The relationship between traffic and capacity is called load factor and is of critical importance to airlines. For the AEA airlines collectively, a single point of load factor gained or lost, over the course of a year, is worth about $1.2 billion.
Q: How seasonal is the airline business?
Business travel, short-haul leisure travel and long-haul leisure travel all have different seasonal profiles.
Airlines operate to distinct Summer and Winter timetables, between April-October and November-March respectively, although there is fine-tuning of operations within each season. Measured in seat-km, the level of activity in Summer is about 10% above Winter levels.
Traffic shows rather more variation.

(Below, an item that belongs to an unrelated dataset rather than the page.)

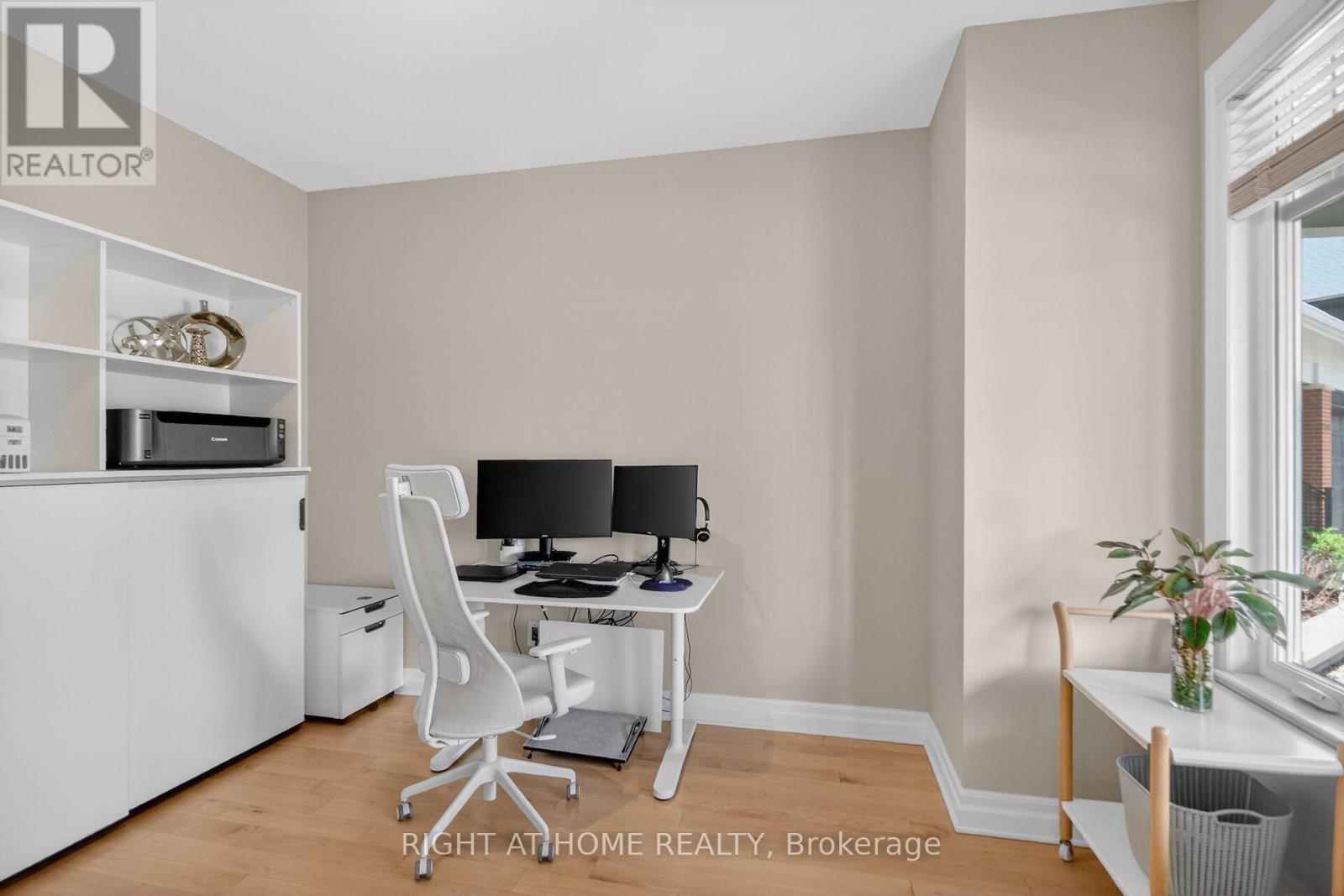 198 GRAINSTONE WAY - 7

In terms of 2005 passenger boardings, the busiest month (September) was almost 37% higher than the quietest (January). For passenger-km, the busiest (July) was 29% higher than the quietest (February).

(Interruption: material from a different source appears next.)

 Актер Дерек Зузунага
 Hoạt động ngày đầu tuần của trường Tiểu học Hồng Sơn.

AEA monthly figures often show an anomaly in March/April as traffic variations associated with the movable Easter holiday are more pronounced in one month or the other.

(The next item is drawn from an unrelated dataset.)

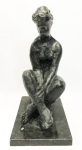 Bronze patinado de figura de mulher sentada, Bruno Giorgi, assinado e sobre base de granito negro medindo 16 x 25 cm. Altura da peça, 34 cm.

Airfreight is much less seasonal, tending to follow capacity trends but with a noticeable drop in December/January.
Q: Is the airline industry still growing?
Since comprehensive records have been kept – about 50 years – AEA airlines’ traffic has grown consistently, year-on-year, with very few exceptions; there was a downturn in passenger-km in 1991 coinciding with the first Gulf War and again in 2002 following the September 11th 2001 attacks. Passenger boardings are slightly more volatile (short journeys tend to be more discretionary) and in addition to those two years, declined also in 1980 (fuel crisis), 2001 and 2003 (second Gulf War and SARS outbreak).
Compared with the level in 1975, AEA airlines’ passenger-km doubled by 1987 (average annual growth 6%) and doubled again by 1997 (average 7% per annum). The current growth rate is just over 5% and if this is maintained, the 1997 level will be doubled in 2012
All AEA’s regional markets had by 2004 recovered to surpass pre-2001 levels.
Q: Which Markets bear most potential?
AEA collects data from its members’ operations, sorted by region. Quantitatively, the most important regions are Intra-European, North Atlantic and Europe – Far East/Australasia. Of these, in recent years, Europe has grown at close to the overall average rate, North Atlantic somewhat below and Far East somewhat above.
Market liberalisation in Europe has been a major factor in maintaining buoyancy in the market. Barriers to entry are low and there is pricing freedom, leading to a highly-developed competitive situation.
Far Eastern growth is largely fuelled by the booming economies in the region, with the huge potential markets of China and India in the forefront.
The North Atlantic, which for AEA airlines splits about 88:12 between the USA and Canada, is for the time being at least a relatively stable market, in which growth is largely conditioned by the modest capacity increases which the airlines choose to introduce year-on-year.
The other regional markets, being smaller, tend to show more volatility both up and down. However the South Atlantic route had, by late 2006, racked up three years of continuous month-by-month growth at very high levels. North Africa and Middle East, in contrast, tend to be more influenced by geopolitical developments than underlying market forces.
Q: How much of traffic do Low-Cost airlines represent in Europe?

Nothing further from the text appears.